Egyptian Christians will soon have a law to regulate church building. But this is only one achievement celebrated by Copts in the revised national charter scrubbed of most of its Islamist tinge.
"Christians have freedom of belief and practice," said Safwat al-Baiady, president of the Protestant Churches of Egypt and a member of the constitutional committee. "And for the first time in the history of Egypt's constitutions, building churches becomes a right."
Article 235 of the new draft constitution addressed this longstanding complaint, where permission to build or repair required presidential and security authorization.
Egypt's constitution of 2012, written by an Islamist majority under the now-deposed president Mohamed Morsi, also provided for many personal and religious freedoms. But that text included clauses of limitation "according to shari'ah law."

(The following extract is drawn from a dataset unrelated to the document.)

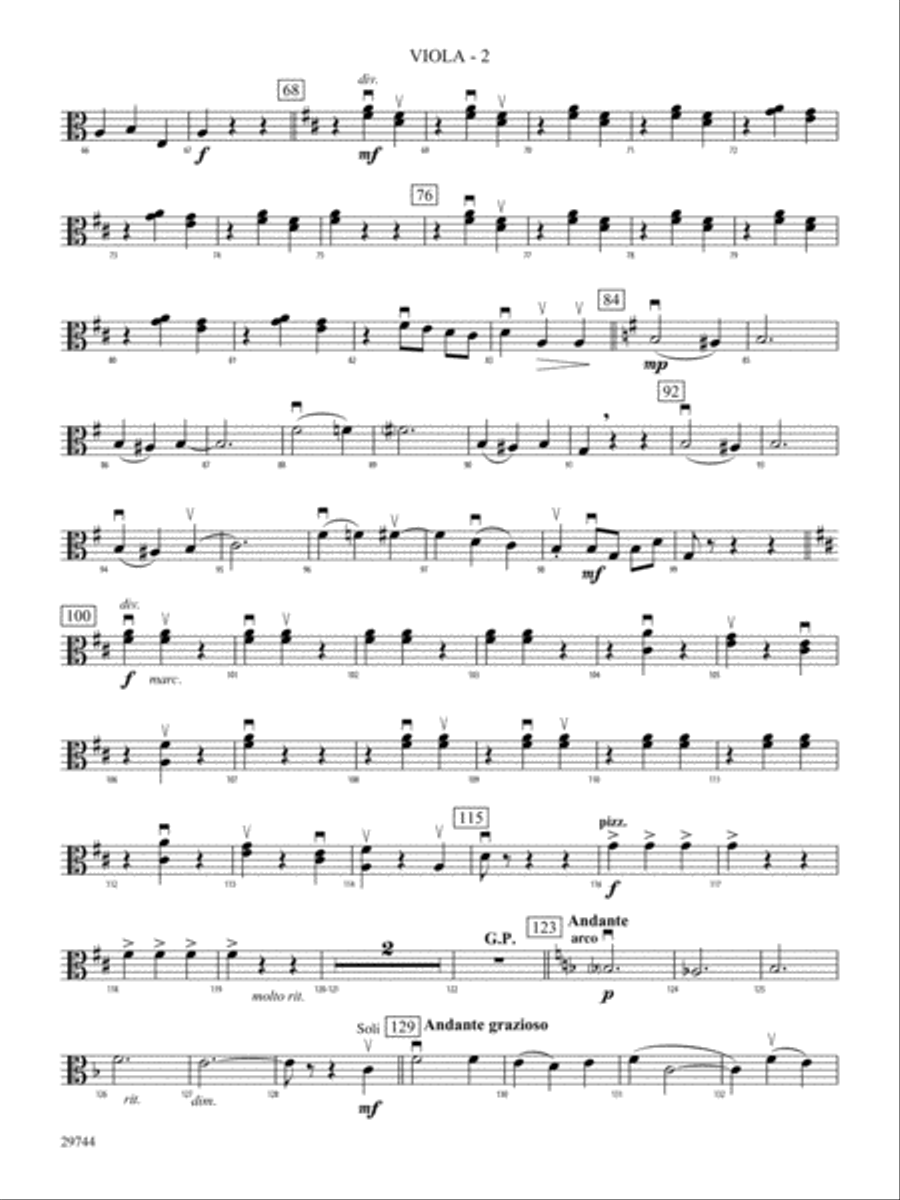 A Southwest Serenade: Viola String Orchestra scores gallery preview page 2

Negotiations with the ultraconservative Salafi Muslim Nour Party, which supported the ouster of Morsi, assured the preservation of Article 2 declaring the principles of shari'ah to be the primary source for legislation.

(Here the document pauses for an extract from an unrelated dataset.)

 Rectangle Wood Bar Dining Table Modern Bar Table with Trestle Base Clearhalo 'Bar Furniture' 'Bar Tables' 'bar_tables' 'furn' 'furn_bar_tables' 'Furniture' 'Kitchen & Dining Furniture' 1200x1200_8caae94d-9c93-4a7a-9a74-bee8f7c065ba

The new version, however, specifies the Supreme Constitutional Court's right of interpretation. It also eliminated the advisory role given to al-Azhar, Egypt's highest institution of Islamic scholarship, along with an additional article interpreting shari'ah along traditional religious lines.
Amnesty International welcomed the new draft, though it criticized both its shortcomings and the contrary practices of the current government.

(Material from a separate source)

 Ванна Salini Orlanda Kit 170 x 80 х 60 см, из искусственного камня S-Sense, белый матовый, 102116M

"A better constitutional text, and rights enshrined on paper, is a much needed first step," declared its statement. "Unfortunately there is a glaring inconsistency between the aspirations in the draft, and the reality of ongoing human rights violations in Egypt."
One example of lingering shortcomings in the draft, Article 64, limits the right of religious practice to Islam, Christianity, and Judaism alone. And Article 3, preserved from 2012, grants Christians the use of their religious law in family matters, yielding application to an unelected church hierarchy.
But Article 93 gives force of law to all international human rights agreements ratified by Egypt, and Articles 11, 243, and 244 demands the law establish "appropriate representation" in parliament for certain underrepresented sectors of society, including women and Coptic Christians.
Coptic Orthodox Pope Tawadros II has endorsed the new constitution, urging a "yes" vote in the upcoming public referendum to be held in early to mid-January.
"We are satisfied," said Baiady. "The constitution covers all of what the people expected."